The process of obtaining, manipulating, and storing data using automated methods (instead of by hand) is known as data automation. For teams who depend on obtaining web data, like sales representatives exploring leads and possibilities, data automation is a big time-saver.

  • Utilizing data automation can help
  • Make a list of qualified target accounts.
  • Create an automated lead generation system.
  • Add new information to a CRM or score leads
  • Determine purchasing indications and market patterns.

Use a data automation solution that extracts, converts, and loads data into your CRM for analysis to automate data sourcing. Typically, web scraping powers these kinds of instruments. It is advisable to stay away from APIs, scripts, and complex technology when automating data for non-technical personnel. Instead, make use of a no-code automation tool such as Piloterr.

Keep Evaluating and Developing Your Data Strategy

A successful data strategy is a dynamic process that requires ongoing observation and improvement. It is not static.

How to do it is as follows:

1. Analyze Data Performance Often

  • To evaluate the success of your data strategy, monitor important metrics such as KPIs and data quality indicators.
  • Determine what needs to be improved, such as the accessibility, correctness, and completeness of the data.

2. Adapt to Changing Business Requirements

  • Consistently assess your objectives and make sure your data strategy is in line with them.Be prepared to modify your plan as your company grows and demands change.

3. Embrace new technology

  • Keep abreast of the most recent developments in data technology and tools, and think about incorporating them into your plan.
  • Utilize AI and machine learning to streamline processes and extract more meaningful information from your data.

4. Promote Data Literacy

  • Invest in educational initiatives to enhance the data literacy abilities of your staff.
  • Promote departmental cooperation and knowledge exchange to develop a data-driven culture.
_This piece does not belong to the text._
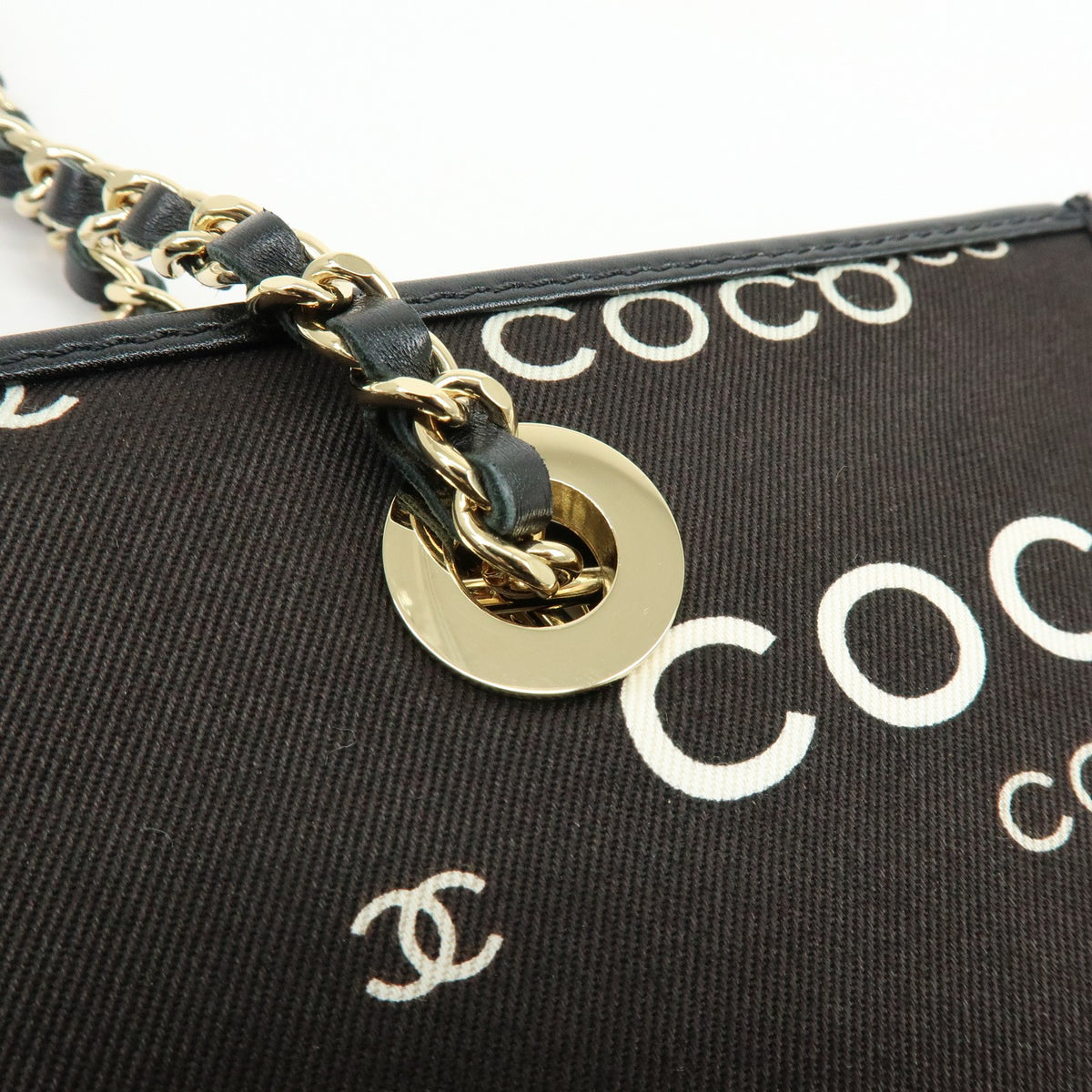 Chanel Vintage Coco Chain Shopping Printed Canvas Black Canvas Tote Bag Bag (Pre-Owned)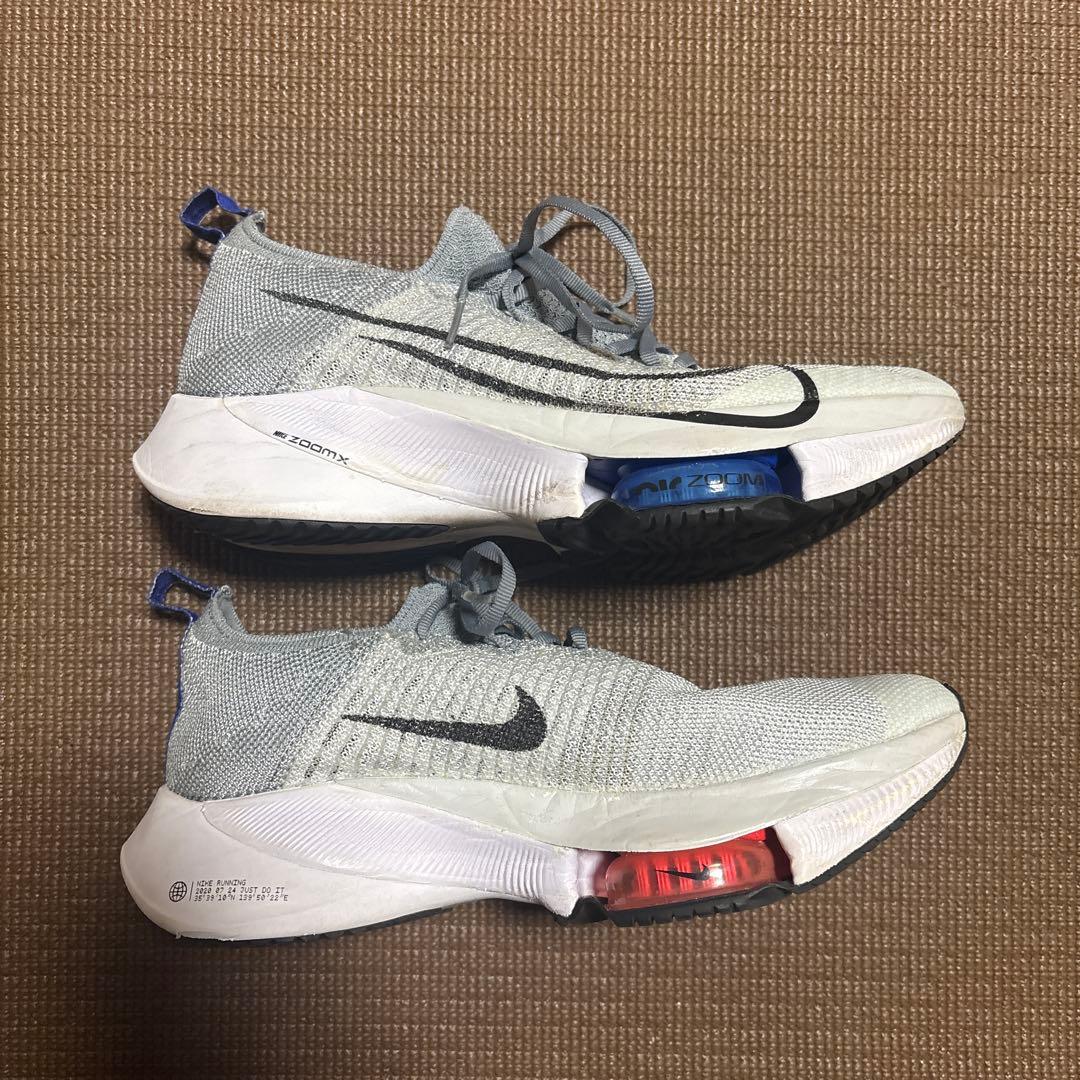 NIKEナイキエアズーム テンポネクスト% 25.5cm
5. Conduct Regular Reviews

  • To assess your data strategy's efficacy and pinpoint areas for development, plan recurring reviews.
  • Get input from all relevant parties within the company to obtain insightful information.

You can make sure that your data strategy stays current, efficient, and in line with your changing business requirements by regularly reviewing and enhancing it. By taking a proactive stance, you may optimize the worth of your data and achieve superior business results.